Updated: 22-11-2024 - 12:00PM 6 6 CLOSED
Jun 20, 2016
A leading local bank says the challenges facing the local economy are not severe enough to classify this country as being in a crisis.
Nigel Baptiste, managing director, Republic Bank Limited (RBL), said while the dynamics in the energy sector were not as buoyant as they were more than a year ago, the economic environment remains stable. He explained that the Treasury was still earning revenue from oil and gas and growth in the manufacturing sector through exports was generating much needed foreign exchange.
In addition, he said, expansion of the services sector was providing Government with a lot more wiggle room. However, the attitude of T&T’s workforce needs to improve to ensure greater productivity and citizens should have no illusions about the length of time required to achieve economic diversification.
“Diversification cannot be rushed and diversification is never going to increase the share of the non-energy sector by more than four or five percentage points, so what we need to focus more on is productivity in our existing non-energy sector. We will get considerably more percentage points from that,” Baptiste said.
“I am really just talking about the existing operations of companies, looking to see how we can improve the efficiency of these operations, either through the use of technology or getting more out of our existing workforce. Those would be two of the prime areas I would look at initially.”

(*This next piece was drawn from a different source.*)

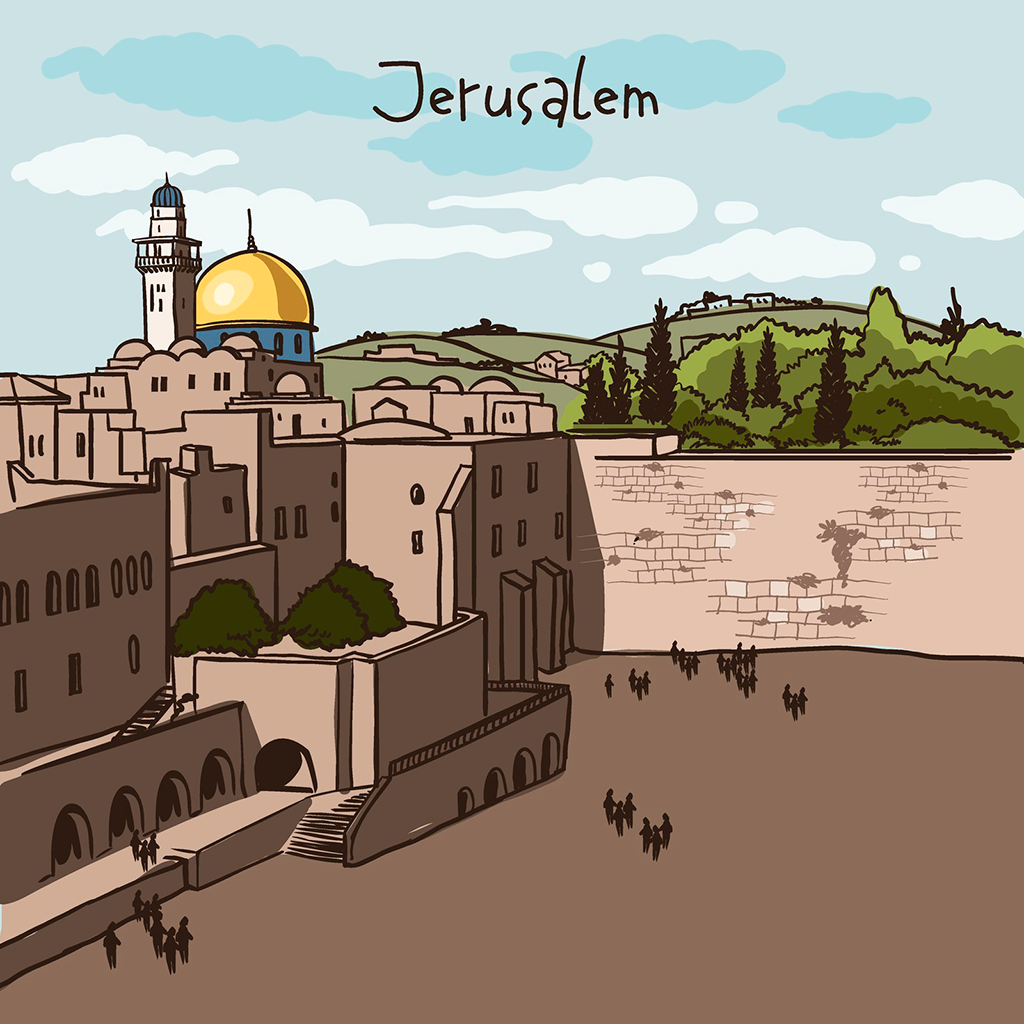 Get Jerusalem 2020 — offline map for iOS, iPhone, iPad Aso Report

“Cultural change means different things to different people, but I certainly think if we look inward first and see how we can enhance our existing operations, how we can get more out of the employees that we have working with us right now—whether it is a cultural change, whether it is that we create an environment that enables them to do more with the resources which we are making available for them.”
Baptiste said foreign exchange challenges continued to affect individual and corporate customers and will be resolved anytime soon, although the situation has improved somewhat.

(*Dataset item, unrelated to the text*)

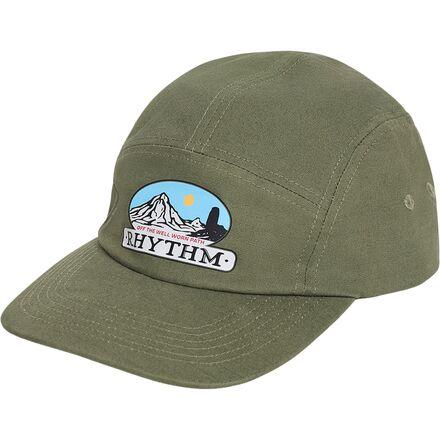 Back Country 5 Panel Cap by RHYTHM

He said while customers are not getting all the foreign currency they wanted now, they are accessing more than was available to them previously and the tweaked system affords greater regularity as well as an ability to predict what is going to happen.
This allows businesses to rationalise their operations in accordance with what their expectations are.

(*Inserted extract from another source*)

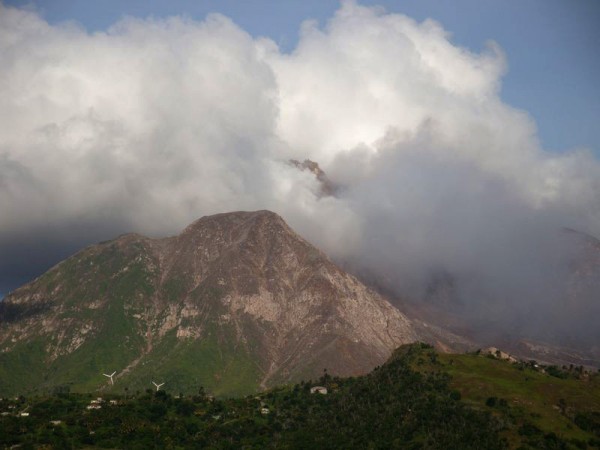 Vulkán - Ostrov Montserrat, Karibik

“The greatest challenge to any business is uncertainty and the lack of information. Once you can improve that level of knowledge, people are then able to plan better; people are than able to organise their business better.
“So what we have now, we more or less know every two weeks this amount of US dollars will come in. Before, I wasn’t sure if it would come in…when it would come in.
“I wasn’t sure what to tell my suppliers, what to tell myself, what to tell my employees. Now I could tell them okay fine, in two weeks time I might get something,” Baptiste said.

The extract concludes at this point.